# Three.ie refuse to close my account.  Can they do that?



## rodoherty1

Howdy ... !!

My 12 month contract with Three.ie finished on the 25th November 2011. 

I sent them a letter on the 21st November, asking them to start the 30-day notification period and then close my account. I received no response from them (unlike the previous time, 10 months earlier, when they immediately responded with "Oh no, you don't ... we will not close your account until the 12 month contract is finished!"). 

As a precaution, I cancelled my Direct Debit on the 15th January so that they would not continue to take payment for the account which I now considered to be closed.

It is now February 2012 and I have received a letter stating that I owe them the January payment and that they will not accept any request to close my account until I pay them the January bill and start a new 30 day notification period. 

They claim they did not receive my letter requesting to close the account in November. They also acknowledge that I have not used their service since November 2011.

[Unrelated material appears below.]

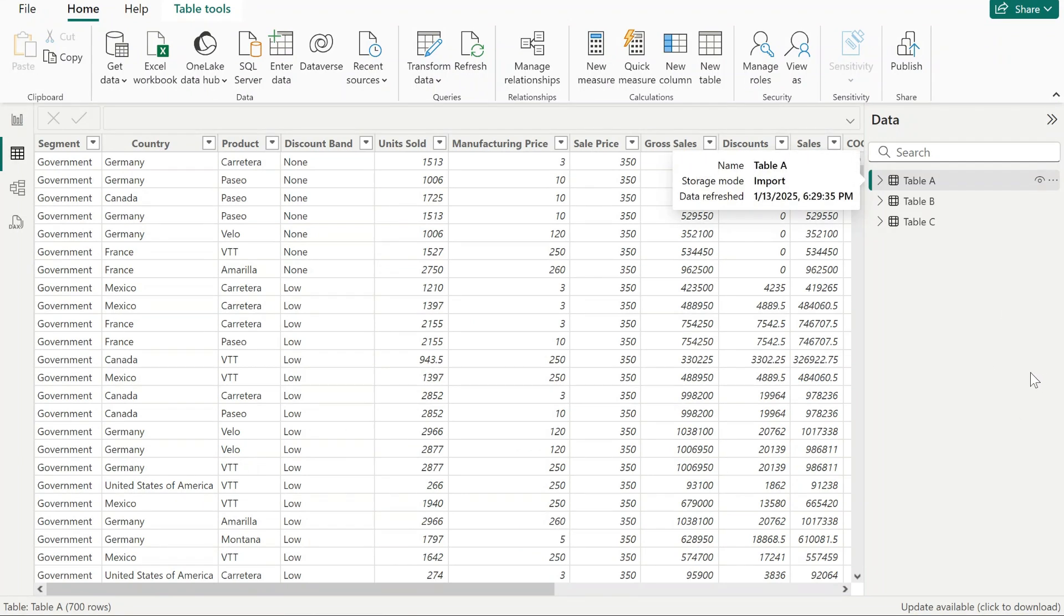Hi, everyone. Today I would like to share with you how you can compare two tables using DAX in Power BI.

They also say that until I pay up, they will call me every day and continue issuing bills until I eventually do pay.

Is this a violation of consumer rights? Does anyone have a suggestion on how to deal with them? I don't want to pay for January, February and part of March because I feel that I endured their awful service for the year, always paid on time, and I sent them a letter after 12 months asking them to terminate my account. This seems unfair!

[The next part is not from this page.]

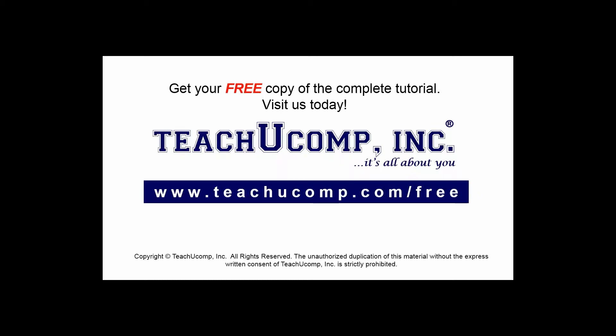Get your free copy of the complete tutorial at www.teachucomp.com/free.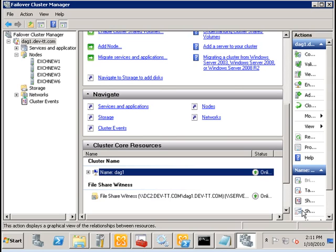First let me begin by explaining the current configuration that I have. I have four servers: exchnew1, 2, 3 and 6.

Any thoughts or suggestions would be greatly appreciate ... !!
Thanks,

Rob.


----------



## ajapale

rodoherty1 said:


> They claim they did not receive my letter requesting to close the account in November.
> 
> Rob.



Have you a copy of the letter sent in November? What did it say? To whom was it addressed?


----------



## rodoherty1

Hi ...

This is a snippet of the letter I sent them.  I know I sent it to the right address becaus when I attempted to cancel my contract after 2 months (due to unreliable service), they wasted no time in telling me that they would cancel if I paid them a cancellation fee of €186).  I backed down and stuck with the service until the 12 months had passed.

<snippet>
Customer Services
Hutchinson 3G Ireland Ltd
PO Box 333
Dublin 2

Account Number: **********
Mobile Broadband Number: 083 *** ****

Dear Sir/Madam,

I wish to cancel my 12 contract which started on November 25th 2010 and I kindly request that you cancel my Direct Debit (ref: **/***************).

Yours faithfully,
</snippet>


----------



## ajapale

Write a letter of "formal complaint" to three. Include a copy of the original letter. Copy (cc) the formal complaint and the original letter to comreg.

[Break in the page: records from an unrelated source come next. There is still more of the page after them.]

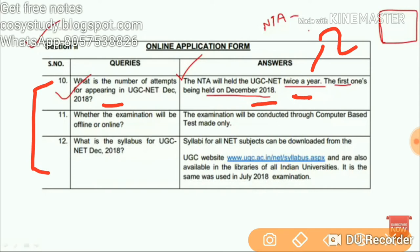So for December 2018, prepare well and I hope you will clear it. Regarding whether the examination will be offline or online — the examination will be conducted through computer-based test mode only.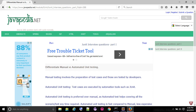Differentiate Manual vs. Automated Unit Testing. Manual testing involves the preparation of test cases and those are tested by developers. In automated unit testing, test cases are executed by automation tools such as JUnit.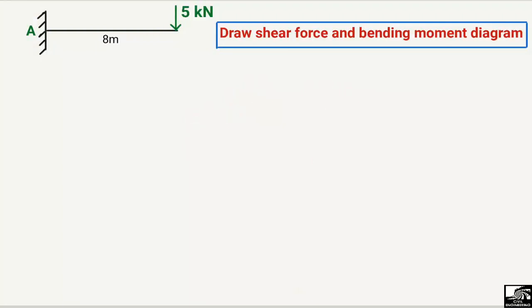Hello guys, welcome back to the Civil Engineering YouTube channel. Please subscribe to our channel for daily civil engineering videos. In today's lecture we are going to analyze a cantilever beam which has a length of 8 meters, with a concentrated load of 5 kilonewtons acting at the free end of the beam. We have to find the support reactions and draw the shear force and bending moment diagram. The first step will be to find out the support reactions.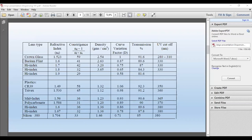Trivex and polycarbonate are the most impact-resistant materials available. Trivex has an Abbe value of 45, polycarbonate 31. They're both impact-resistant, but Trivex's optical quality is better — more crisp than polycarbonate. So not necessarily refractive index — you've got to look at the Abbe value because the material itself determines what the Abbe value is.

Make sure you have your correct account details on the letters.

Just stick to the facts and avoid rants or side issues.


----------



## Smashbox

Definitely give comreg a shout.. 

http://www.comreg.ie/

Contact details here - http://www.comreg.ie/contact_us/comreg_contact_details.141.contact.html


----------



## rodoherty1

Thanks Guys.  Sound advice!
And thanks for taking the time to read through my original post.

Rob.


----------



## Smashbox

Three on Twitter are always sending people to chat to their reps on boards.ie. You could also try posting there to see if they will help..

http://www.boards.ie/vbulletin/forumdisplay.php?f=1367


----------



## mabel123

Oh, the hated Three! My contract for broadband mobile and mobile broadband expires on 22nd March. They tell me I will get my last bill at the end of Feb. I sent them an email telling them to cancel both contracts on 22nd March......44 days notice. They wrote back saying I had to give them 30 days notice and ring them back on 22nd Feb. Surely it must be a MINIMUM of 30 days notice? I can't find it in their T's and C's. Anyone advise me? I am so not paying this useless network another penny after my contracts expire.


----------



## Smashbox

Mabel.. 

As per [broken link removed]

[broken link removed]
[broken link removed]


----------



## rodoherty1

Hi Guys,

Just thought I'd post the result of my little drama.

I mailed Comreg and asked for suggestions on how to talk to Three.  They suggested that I email customer.services.ie@3mail.com and, if I don't hear anything within 10 days, then I should refer my email to Comreg.

I emailed customer.services.ie@3mail.com and also sent them a registered letter (in the hope that it demonstrated some level of sincerity)

I have just received a call from three informing me that they will close my account, clear the outstanding (and disputed)  balance and stop calling me.

Result .

Thanks to you all for your suggestions.  Hope this thread helps someone else who runs into a similar spot of bother!

Rob.


----------



## Smashbox

Nice one, Rob


----------



## Centaur

Three.ie have the worst customer service I have ever dealt with - based on thirty years of business experience where I've seen some pretty bad ones.

I'm currently trying to close my broadband account (which has slowed to a snail's pace) but to date they have ignored my five emails and phone calls.  I've even written to Robert Finnegan their CEO to no avail.  I will now have to cancel my DD which means I have to go to the trouble of moving my mobile phone as well.


----------



## Centaur

.. to finish my story (see previous post) in the interest of fairness.  I was contacted be a pleasant and apologetic lady from Three who took the trouble to explain the mix-up that had occurred at their end.  Even though I'd moved provider they still sent me a cheque for the disputed amount plus a months rental.


----------